Activity: Your job is to give again, exactly and with no additions, the lines in the records below from the one with "I'd be curious" through the one with "Typical lawn grass", both included. Omit the pictures.

Material shown:

════

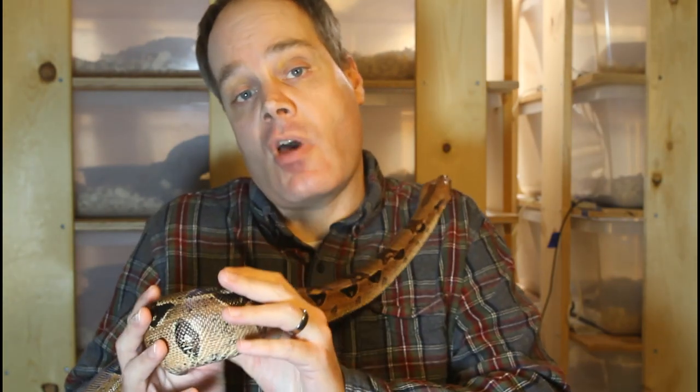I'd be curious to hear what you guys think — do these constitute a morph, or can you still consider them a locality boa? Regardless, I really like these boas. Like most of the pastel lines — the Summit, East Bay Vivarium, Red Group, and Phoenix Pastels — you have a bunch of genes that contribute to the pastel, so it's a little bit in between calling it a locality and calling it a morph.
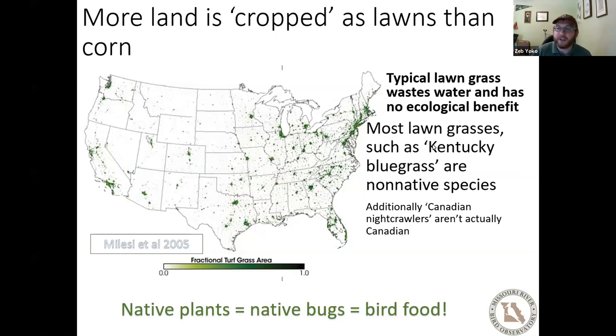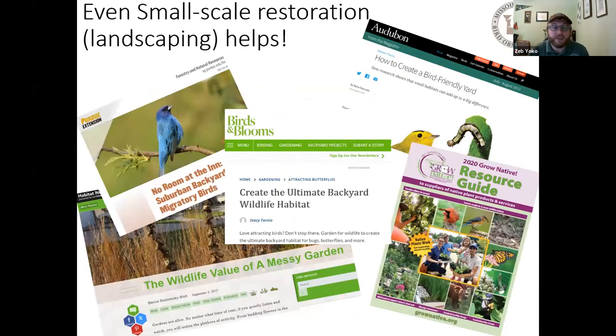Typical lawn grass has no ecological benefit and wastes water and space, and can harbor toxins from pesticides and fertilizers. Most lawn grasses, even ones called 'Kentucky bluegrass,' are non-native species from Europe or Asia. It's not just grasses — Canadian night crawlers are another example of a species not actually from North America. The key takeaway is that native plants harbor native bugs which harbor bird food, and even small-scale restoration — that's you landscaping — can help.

════

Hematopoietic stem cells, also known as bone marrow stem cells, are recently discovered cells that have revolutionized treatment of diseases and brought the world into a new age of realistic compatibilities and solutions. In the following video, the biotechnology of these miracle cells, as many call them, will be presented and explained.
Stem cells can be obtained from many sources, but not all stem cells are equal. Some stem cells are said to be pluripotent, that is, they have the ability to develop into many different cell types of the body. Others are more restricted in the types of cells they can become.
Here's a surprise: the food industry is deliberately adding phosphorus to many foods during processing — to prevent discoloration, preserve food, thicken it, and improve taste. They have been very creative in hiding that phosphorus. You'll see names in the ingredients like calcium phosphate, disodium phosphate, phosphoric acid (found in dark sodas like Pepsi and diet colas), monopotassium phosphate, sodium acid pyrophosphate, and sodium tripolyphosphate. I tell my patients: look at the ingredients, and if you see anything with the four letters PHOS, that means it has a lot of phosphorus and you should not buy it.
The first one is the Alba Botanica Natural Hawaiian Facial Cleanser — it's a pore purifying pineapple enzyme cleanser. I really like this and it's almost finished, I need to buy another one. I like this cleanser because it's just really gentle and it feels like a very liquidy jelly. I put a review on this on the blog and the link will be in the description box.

════

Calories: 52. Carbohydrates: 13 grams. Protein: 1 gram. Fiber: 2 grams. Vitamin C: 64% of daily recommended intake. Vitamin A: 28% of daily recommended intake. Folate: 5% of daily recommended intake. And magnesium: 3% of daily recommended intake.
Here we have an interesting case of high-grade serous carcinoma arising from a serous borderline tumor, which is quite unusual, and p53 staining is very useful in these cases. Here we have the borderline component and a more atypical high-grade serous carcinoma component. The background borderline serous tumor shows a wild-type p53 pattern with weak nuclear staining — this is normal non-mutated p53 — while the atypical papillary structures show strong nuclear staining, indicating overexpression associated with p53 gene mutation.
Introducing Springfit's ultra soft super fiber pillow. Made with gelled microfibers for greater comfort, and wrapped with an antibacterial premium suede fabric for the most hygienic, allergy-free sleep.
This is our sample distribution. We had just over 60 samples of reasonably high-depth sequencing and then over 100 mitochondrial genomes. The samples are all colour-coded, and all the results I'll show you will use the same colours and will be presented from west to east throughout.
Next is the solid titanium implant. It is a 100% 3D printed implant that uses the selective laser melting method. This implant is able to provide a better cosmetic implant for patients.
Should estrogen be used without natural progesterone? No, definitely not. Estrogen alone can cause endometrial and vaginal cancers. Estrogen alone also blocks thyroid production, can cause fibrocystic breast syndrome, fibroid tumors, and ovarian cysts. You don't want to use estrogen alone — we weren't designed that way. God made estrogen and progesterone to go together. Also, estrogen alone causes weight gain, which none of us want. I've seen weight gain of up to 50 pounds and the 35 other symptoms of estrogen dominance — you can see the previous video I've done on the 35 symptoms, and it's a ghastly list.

════

Written response:
I'd be curious to hear what you guys think — do these constitute a morph, or can you still consider them a locality boa? Regardless, I really like these boas. Like most of the pastel lines — the Summit, East Bay Vivarium, Red Group, and Phoenix Pastels — you have a bunch of genes that contribute to the pastel, so it's a little bit in between calling it a locality and calling it a morph.
Typical lawn grass has no ecological benefit and wastes water and space, and can harbor toxins from pesticides and fertilizers. Most lawn grasses, even ones called 'Kentucky bluegrass,' are non-native species from Europe or Asia. It's not just grasses — Canadian night crawlers are another example of a species not actually from North America. The key takeaway is that native plants harbor native bugs which harbor bird food, and even small-scale restoration — that's you landscaping — can help.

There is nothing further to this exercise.